Dataset:

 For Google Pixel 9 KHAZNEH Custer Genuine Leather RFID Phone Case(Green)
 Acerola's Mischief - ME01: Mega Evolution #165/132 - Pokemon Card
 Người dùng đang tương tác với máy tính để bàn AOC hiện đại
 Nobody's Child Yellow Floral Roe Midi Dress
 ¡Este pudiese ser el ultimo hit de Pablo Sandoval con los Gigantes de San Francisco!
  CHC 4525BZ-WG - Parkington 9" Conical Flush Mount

...

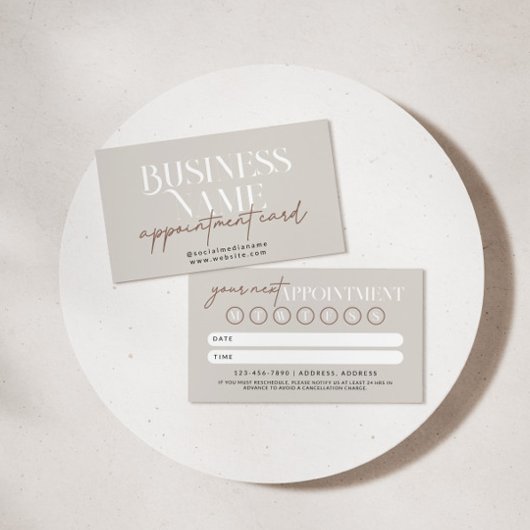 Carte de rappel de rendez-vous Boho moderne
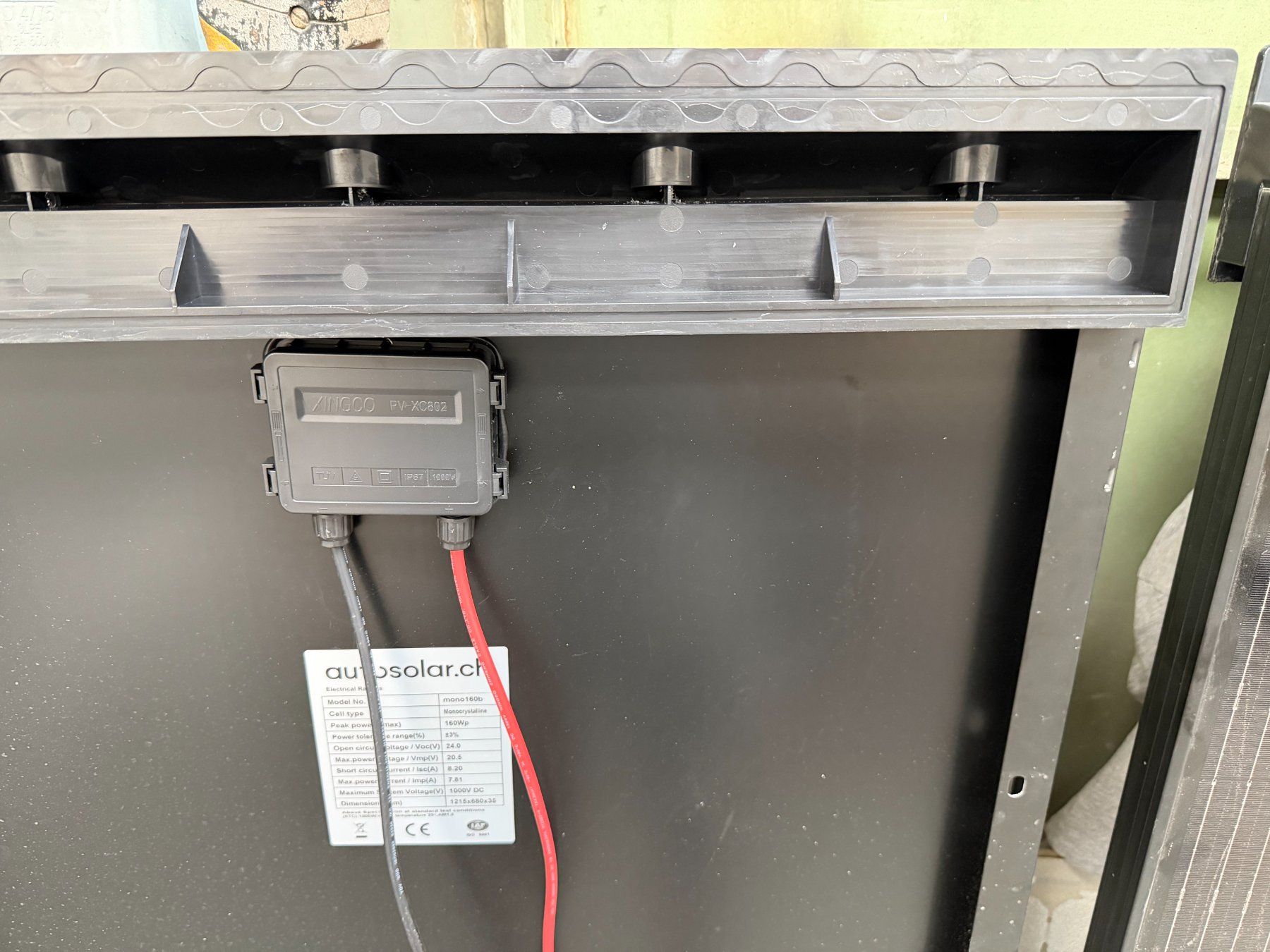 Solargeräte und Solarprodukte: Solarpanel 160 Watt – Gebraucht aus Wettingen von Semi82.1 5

...

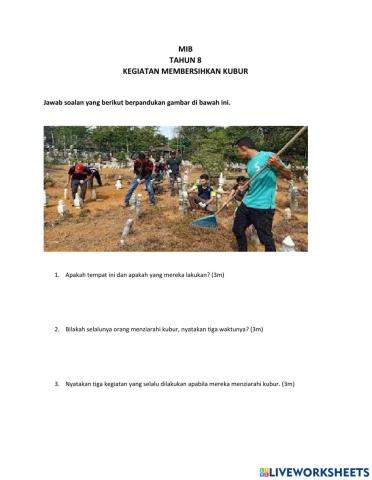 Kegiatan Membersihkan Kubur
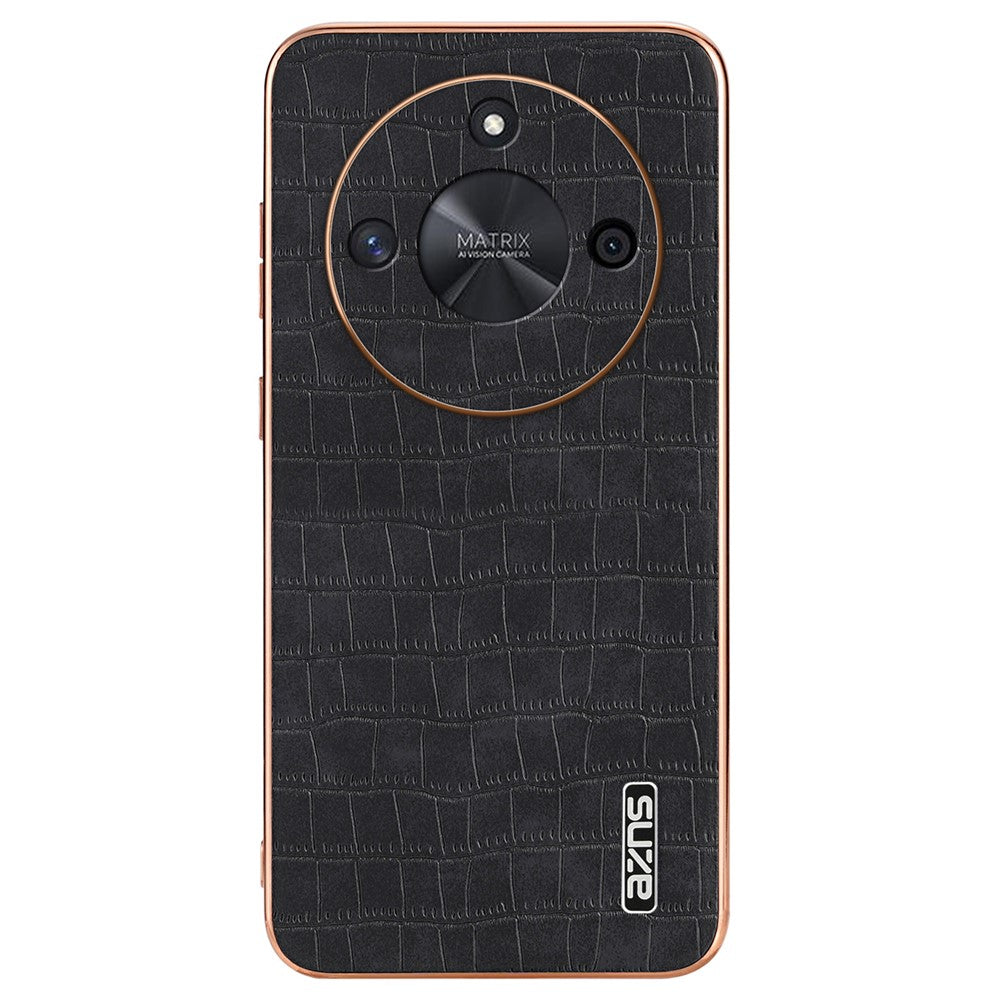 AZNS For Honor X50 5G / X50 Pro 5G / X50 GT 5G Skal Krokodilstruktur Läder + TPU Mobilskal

How to complete this task: Look above for the line with "For Google Pixel"; retype exactly that line, every line after it up to the line with "de San Francisco!", and that line too, nothing else.

Reply to the exercise:
 For Google Pixel 9 KHAZNEH Custer Genuine Leather RFID Phone Case(Green)
 Acerola's Mischief - ME01: Mega Evolution #165/132 - Pokemon Card
 Người dùng đang tương tác với máy tính để bàn AOC hiện đại
 Nobody's Child Yellow Floral Roe Midi Dress
 ¡Este pudiese ser el ultimo hit de Pablo Sandoval con los Gigantes de San Francisco!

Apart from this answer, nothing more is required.